* [The task]:
When you reach the records, transcribe all of them exactly.

* [Excerpted data]:
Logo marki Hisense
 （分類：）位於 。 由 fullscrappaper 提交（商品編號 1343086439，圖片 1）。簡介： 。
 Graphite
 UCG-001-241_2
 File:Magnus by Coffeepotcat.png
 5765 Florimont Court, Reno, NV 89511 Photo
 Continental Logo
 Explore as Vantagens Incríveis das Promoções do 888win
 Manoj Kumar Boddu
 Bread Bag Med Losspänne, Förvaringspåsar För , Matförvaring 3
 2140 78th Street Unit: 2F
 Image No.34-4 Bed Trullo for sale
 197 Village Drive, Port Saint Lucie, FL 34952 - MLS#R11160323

* [Reply]:
Logo marki Hisense
 （分類：）位於 。 由 fullscrappaper 提交（商品編號 1343086439，圖片 1）。簡介： 。
 Graphite
 UCG-001-241_2
 File:Magnus by Coffeepotcat.png
 5765 Florimont Court, Reno, NV 89511 Photo
 Continental Logo
 Explore as Vantagens Incríveis das Promoções do 888win
 Manoj Kumar Boddu
 Bread Bag Med Losspänne, Förvaringspåsar För , Matförvaring 3
 2140 78th Street Unit: 2F
 Image No.34-4 Bed Trullo for sale
 197 Village Drive, Port Saint Lucie, FL 34952 - MLS#R11160323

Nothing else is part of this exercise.